A son époque, comme il le lit lui-même, il tape ses premiers ballons dans l’Oise avec un autre joueur marquant du GF38, son ami David De Freitas : “On est tous les deux originaires de l’Oise. On s’affrontait dans les équipes de jeunes puis on a joué ensemble avec l’équipe régionale. On s’est retrouvé à Grenoble et depuis, on est toujours très amis”. Pourtant, c’est en région parisienne que la carrière du Franco-Camerounais prenait un tournant : “J’ai fais mes classes au Red Star, où je suis passé pro puis je suis parti à Sedan (2001) qui était alors en D1. J’étais deuxième gardien puis c’est avec ce même statut que je suis arrivé à Grenoble un an après (2002)”. A 20-21 ans, il était jeune et devait attendre l’arrivée de Dominique Cuperly en lieu et place d’Alain Michel pour avoir sa chance. “J’étais stressé pour mon premier match à Gueugnon. On était à l’hôtel, en mise au vert, et le coach m’avait fait appeler par Joel Bats, alors entraîneur des gardiens de l’OL, pour me rassurer. Ça m’a marqué et j’ai derrière fait un super match d’ailleurs”. De retour de blessure Thierry Debes était alors relégué sur le banc de touche. Gilbert Bayiha restait donc cinq saisons à Grenoble, en alternant les titularisations et le rôle de doublure. “La constance m’a fait défaut” avoue-t-il. Je n’avais ensuite plus la confiance d’Yvon Pouliquen, Gregory Wimbée était arrivé aussi donc je suis parti à Chypre en prêt, puis définitivement six mois plus tard même si entre temps Mecha Bazdarevic voulait que je reste.” Une saison plus tard, le GF38 montait en Ligue 1 : “Je me suis dis merde, j’ai peut-être fait un mauvais choix. Mais j’étais heureux à Chypre, je jouais, ma famille et moi étions bien. Et j’ai eu la chance d’être appelé en sélection du Cameroun.
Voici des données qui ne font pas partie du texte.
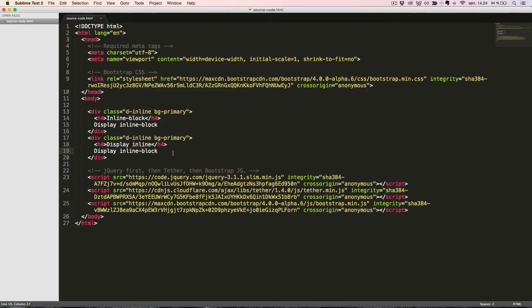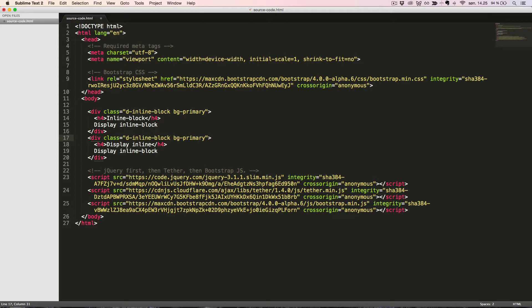Finally, the class on the parent elements will be changed to DInlineBlock. As we can see, it looks right.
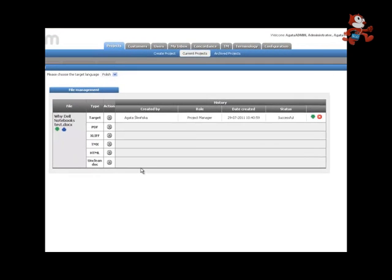If the project has already been finished, the target file is already generated, and all you need to do is simply click on the green arrow in order to download it onto your PC.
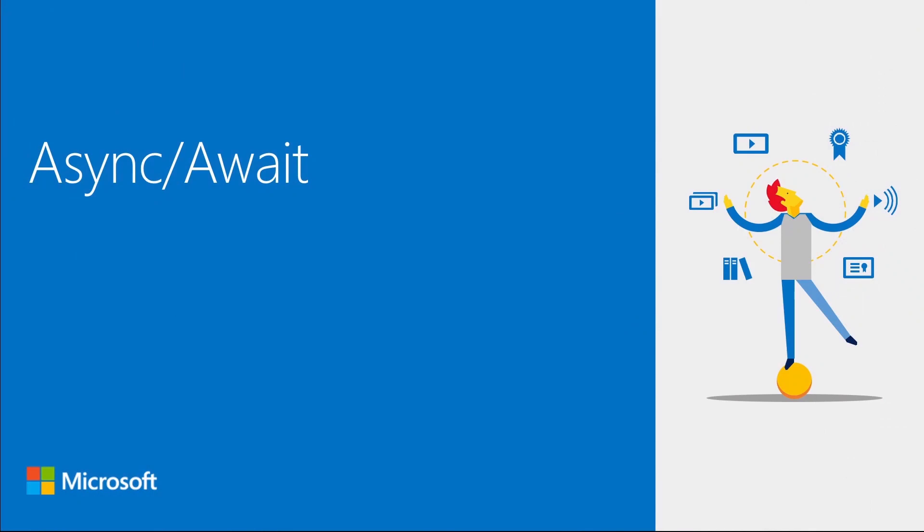Hi there. I'm Christopher Harrison, Senior Program Manager inside of Microsoft Cloud and AI, and let's take a look at this relatively new, at least a JavaScript concept called Async Await.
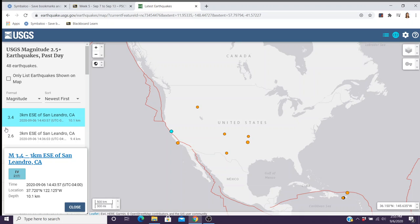The magnitude is listed first, and then it lists the location. Earthquakes rarely happen in a particular town or city, so it will typically tell you how far away it is — this one was three kilometers east-southeast of San Leandro, California. It also gives you the specific time and date: the date comes first with the year, the month, and the day, and the time is in Universal Coordinated Time (UTC). It gives you the latitude and longitude of the precise location of the earthquake, and the depth — how far below the surface the earthquake actually started.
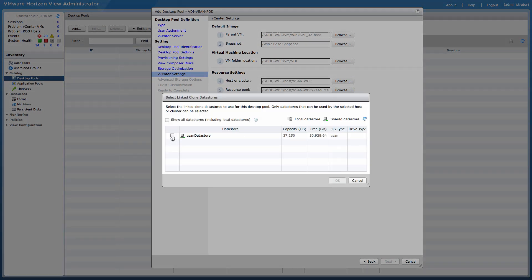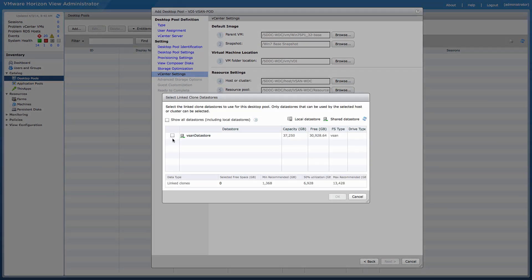Next, as part of the vCenter configuration settings, identify and select the vSAN data store.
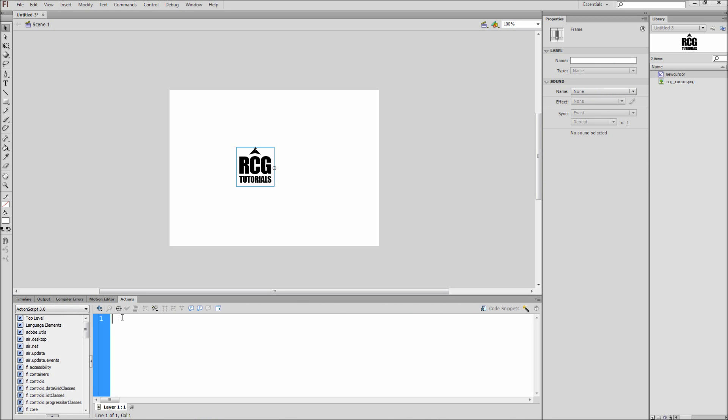The first thing we need to do is hide the regular mouse. To do this, type Mouse with a capital M dot hide open close parentheses semicolon.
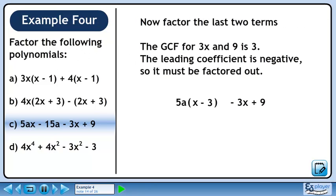Now factor the last two terms. The greatest common factor for 3x and 9 is 3. The leading coefficient is negative, so it must be factored out. Pull out minus 3 from each term to get minus 3 times (x minus 3).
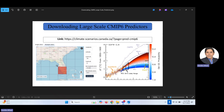Hello guys, in this video I would like to explain how to download large-scale CMIP6 predictors. You know that we can use statistical downscaling to downscale climate information at a specific point, like a particular meteorological station, by using statistical downscaling.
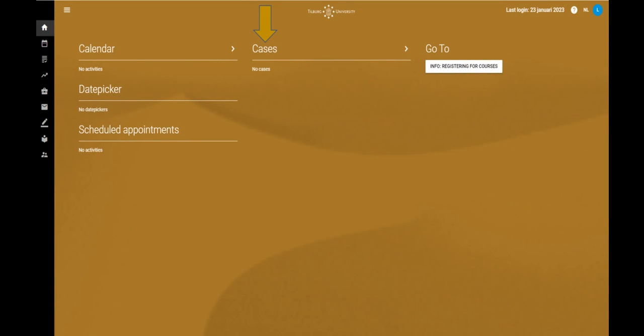How do you start a case? When you are logged into Osiris you will see the case module in the middle under cases. Click here on cases to start a case.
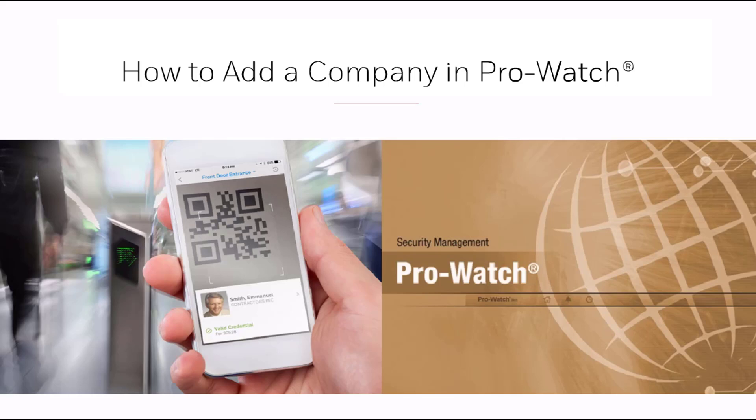In this tutorial we'll discuss how to add a company in ProWatch. A company is a collection of clearance codes that can be assigned to a card.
Ce n’est arrivé qu’une fois et je n’ai pas joué mais j’ai de super souvenirs de ce match au Japon et du stage de préparation où j’ai pu côtoyer Rigobert Song, Samuel Eto’o…”. La fin de l’épisode chypriote était moins idyllique avec des retards de salaires notamment, ce qui conduisait le clan Bayiha à rentrer en France.

Avant le fameux grand saut, gagnant, au Canada…


Le nouveau responsable technique du Club Soccer Longueuil



Le mot de la fin de Gilbert Bayiha :

“J’ai beaucoup de souvenirs de Grenoble et du GF38. Mon petit appartement à Sassenage, le stade Lesdiguière et ses supporters, le centre d’entraînement de la Poterne. J’ai beaucoup de respect pour Monsieur Roger Garcin qui m’avait récupéré à la gare pour me faire visiter des appartements lors de mon arrivée. J’ai aussi été marqué par Max Marty qui m’a recruté, Christophe Galvin qui était mon entraîneur des gardiens et Yves Bourgey qui était préparateur physique et qui me concoctait des programmes spécifiques comme j’adorais la muscu. Je sais que Greg Kurkeden est encore là je le salue. Je me rappelle de Julien Deletraz, Nassim Akrour, Nasser Menassel, Francis N’Ganga, Steven Pelé, Olivier Saragaglia. Pour la petite histoire, j’ai même vu monter en pro, quand ils étaient jeunes gardiens, Paul Cattier et Brice Maubleu qui est le numéro 1 aujourd’hui.”